There is the land, rich or poor, which we call terroirs when they offer us quality. The soils, made up of gravel, clay, schist or limestone, give the grape varieties the means with which to express themselves. Sunshine, wind, and rain make the vines grow. Then there is time, which lines the vines’ bark and, with each passing year, brings them closer to the stage when they can take on the enviable status of “old vines”, venerated as Man in the autumn of his life.
There are meticulous hands, for pruning, de-leafing, weeding and harvesting, sometimes involving successive pickings. There are male and female vineyard staff, working, grafting and always toiling to bring in the best fruit. The next stage is in the cellars, looking after the wine carefully blending and ageing it, like parenting a family.
Then there are the men and women. Those that observe, that attempt to understand, who speak with nature and are amazed by what it offers when they have paid it respect.

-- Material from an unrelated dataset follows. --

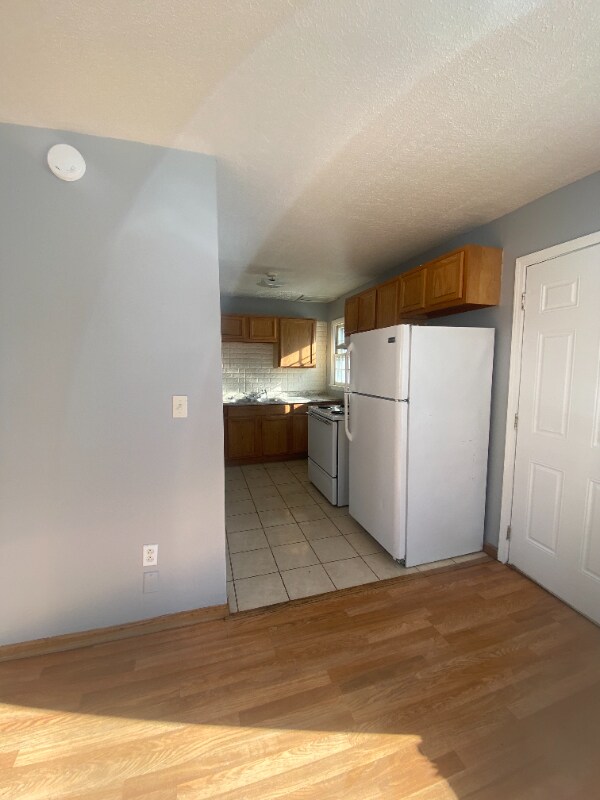 Foto del edificio - 14 N Ritchie Ave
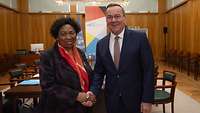 Matsie Angelina Motshekga und Boris Pistorius schütteln sich die Hände und lächeln in die Kamera.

Human values enable us to forge links with others and all humanity. Respect is shown through listening, being honest, showing integrity, and also in our work. It is this respect that enables us to live harmoniously together, and which fosters, through our learning and our passing on of knowledge, man’s ability to develop and thrive. In the vineyards, we demonstrate respect, growing the vineyard ourselves, ensuring that the soil remains alive; avoiding changing its intrinsic nature by keeping the balance that it already had before the vines were planted; and this is achieved by the sheer will of passionate vine growers, and by choosing to work in an ethical way, ever loyal to nature.
There is La Cité du Vin. This is no motionless construction wrapped in a clothing of stone or concrete.
The Cité articulates movement and gesture, and through its flowing architectural form, it invites us to imbibe ourselves in wine’s great history."